== Your assignment ==
Go through the listing below and reproduce it word for word.
--------------------------------------------------
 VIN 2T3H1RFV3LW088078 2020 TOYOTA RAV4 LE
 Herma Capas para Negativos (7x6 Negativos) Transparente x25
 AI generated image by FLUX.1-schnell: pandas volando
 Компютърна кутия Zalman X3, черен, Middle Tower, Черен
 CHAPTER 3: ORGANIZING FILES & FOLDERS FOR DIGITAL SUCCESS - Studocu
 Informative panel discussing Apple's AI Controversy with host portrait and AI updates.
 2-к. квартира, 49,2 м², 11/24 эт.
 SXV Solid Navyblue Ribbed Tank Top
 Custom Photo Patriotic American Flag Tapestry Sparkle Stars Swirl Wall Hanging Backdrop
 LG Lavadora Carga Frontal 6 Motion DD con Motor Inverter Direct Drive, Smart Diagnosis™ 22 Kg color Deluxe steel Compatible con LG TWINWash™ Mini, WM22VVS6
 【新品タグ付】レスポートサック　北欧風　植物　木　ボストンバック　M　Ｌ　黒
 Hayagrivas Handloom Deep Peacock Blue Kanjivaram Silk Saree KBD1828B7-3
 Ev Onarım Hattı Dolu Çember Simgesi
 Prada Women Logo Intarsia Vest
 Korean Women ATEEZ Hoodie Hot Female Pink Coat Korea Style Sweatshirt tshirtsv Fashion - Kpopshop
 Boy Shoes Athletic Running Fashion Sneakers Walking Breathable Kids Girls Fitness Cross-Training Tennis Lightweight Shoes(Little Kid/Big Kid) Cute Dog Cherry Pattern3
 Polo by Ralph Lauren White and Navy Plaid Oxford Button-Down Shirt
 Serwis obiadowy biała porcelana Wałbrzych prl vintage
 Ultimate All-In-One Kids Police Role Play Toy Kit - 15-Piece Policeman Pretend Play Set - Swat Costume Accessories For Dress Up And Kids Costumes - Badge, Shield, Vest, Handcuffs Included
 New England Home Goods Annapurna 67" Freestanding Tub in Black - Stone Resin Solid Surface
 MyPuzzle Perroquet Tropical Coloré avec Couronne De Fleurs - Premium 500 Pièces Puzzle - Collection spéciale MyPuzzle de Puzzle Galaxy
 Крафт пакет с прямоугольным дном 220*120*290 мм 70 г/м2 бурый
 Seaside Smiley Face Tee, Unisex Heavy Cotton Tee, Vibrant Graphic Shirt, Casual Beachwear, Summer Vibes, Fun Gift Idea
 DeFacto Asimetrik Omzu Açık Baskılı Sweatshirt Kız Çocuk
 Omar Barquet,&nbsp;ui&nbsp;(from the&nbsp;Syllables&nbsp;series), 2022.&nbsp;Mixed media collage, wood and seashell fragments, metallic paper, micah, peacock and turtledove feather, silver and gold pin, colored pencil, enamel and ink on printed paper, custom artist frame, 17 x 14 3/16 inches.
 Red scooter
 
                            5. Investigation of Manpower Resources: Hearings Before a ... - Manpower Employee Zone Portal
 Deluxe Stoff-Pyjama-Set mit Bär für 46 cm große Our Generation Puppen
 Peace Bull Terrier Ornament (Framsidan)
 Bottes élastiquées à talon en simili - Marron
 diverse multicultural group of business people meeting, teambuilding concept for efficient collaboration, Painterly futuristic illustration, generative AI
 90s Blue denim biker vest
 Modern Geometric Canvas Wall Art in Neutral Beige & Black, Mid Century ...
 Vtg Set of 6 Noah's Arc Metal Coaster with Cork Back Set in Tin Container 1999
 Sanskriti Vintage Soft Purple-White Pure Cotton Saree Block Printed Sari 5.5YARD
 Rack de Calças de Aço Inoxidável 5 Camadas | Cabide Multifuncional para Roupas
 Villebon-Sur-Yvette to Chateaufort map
--------------------------------------------------
== Result of the exercise ==
 VIN 2T3H1RFV3LW088078 2020 TOYOTA RAV4 LE
 Herma Capas para Negativos (7x6 Negativos) Transparente x25
 AI generated image by FLUX.1-schnell: pandas volando
 Компютърна кутия Zalman X3, черен, Middle Tower, Черен
 CHAPTER 3: ORGANIZING FILES & FOLDERS FOR DIGITAL SUCCESS - Studocu
 Informative panel discussing Apple's AI Controversy with host portrait and AI updates.
 2-к. квартира, 49,2 м², 11/24 эт.
 SXV Solid Navyblue Ribbed Tank Top
 Custom Photo Patriotic American Flag Tapestry Sparkle Stars Swirl Wall Hanging Backdrop
 LG Lavadora Carga Frontal 6 Motion DD con Motor Inverter Direct Drive, Smart Diagnosis™ 22 Kg color Deluxe steel Compatible con LG TWINWash™ Mini, WM22VVS6
 【新品タグ付】レスポートサック　北欧風　植物　木　ボストンバック　M　Ｌ　黒
 Hayagrivas Handloom Deep Peacock Blue Kanjivaram Silk Saree KBD1828B7-3
 Ev Onarım Hattı Dolu Çember Simgesi
 Prada Women Logo Intarsia Vest
 Korean Women ATEEZ Hoodie Hot Female Pink Coat Korea Style Sweatshirt tshirtsv Fashion - Kpopshop
 Boy Shoes Athletic Running Fashion Sneakers Walking Breathable Kids Girls Fitness Cross-Training Tennis Lightweight Shoes(Little Kid/Big Kid) Cute Dog Cherry Pattern3
 Polo by Ralph Lauren White and Navy Plaid Oxford Button-Down Shirt
 Serwis obiadowy biała porcelana Wałbrzych prl vintage
 Ultimate All-In-One Kids Police Role Play Toy Kit - 15-Piece Policeman Pretend Play Set - Swat Costume Accessories For Dress Up And Kids Costumes - Badge, Shield, Vest, Handcuffs Included
 New England Home Goods Annapurna 67" Freestanding Tub in Black - Stone Resin Solid Surface
 MyPuzzle Perroquet Tropical Coloré avec Couronne De Fleurs - Premium 500 Pièces Puzzle - Collection spéciale MyPuzzle de Puzzle Galaxy
 Крафт пакет с прямоугольным дном 220*120*290 мм 70 г/м2 бурый
 Seaside Smiley Face Tee, Unisex Heavy Cotton Tee, Vibrant Graphic Shirt, Casual Beachwear, Summer Vibes, Fun Gift Idea
 DeFacto Asimetrik Omzu Açık Baskılı Sweatshirt Kız Çocuk
 Omar Barquet,&nbsp;ui&nbsp;(from the&nbsp;Syllables&nbsp;series), 2022.&nbsp;Mixed media collage, wood and seashell fragments, metallic paper, micah, peacock and turtledove feather, silver and gold pin, colored pencil, enamel and ink on printed paper, custom artist frame, 17 x 14 3/16 inches.
 Red scooter
 
                            5. Investigation of Manpower Resources: Hearings Before a ... - Manpower Employee Zone Portal
 Deluxe Stoff-Pyjama-Set mit Bär für 46 cm große Our Generation Puppen
 Peace Bull Terrier Ornament (Framsidan)
 Bottes élastiquées à talon en simili - Marron
 diverse multicultural group of business people meeting, teambuilding concept for efficient collaboration, Painterly futuristic illustration, generative AI
 90s Blue denim biker vest
 Modern Geometric Canvas Wall Art in Neutral Beige & Black, Mid Century ...
 Vtg Set of 6 Noah's Arc Metal Coaster with Cork Back Set in Tin Container 1999
 Sanskriti Vintage Soft Purple-White Pure Cotton Saree Block Printed Sari 5.5YARD
 Rack de Calças de Aço Inoxidável 5 Camadas | Cabide Multifuncional para Roupas
 Villebon-Sur-Yvette to Chateaufort map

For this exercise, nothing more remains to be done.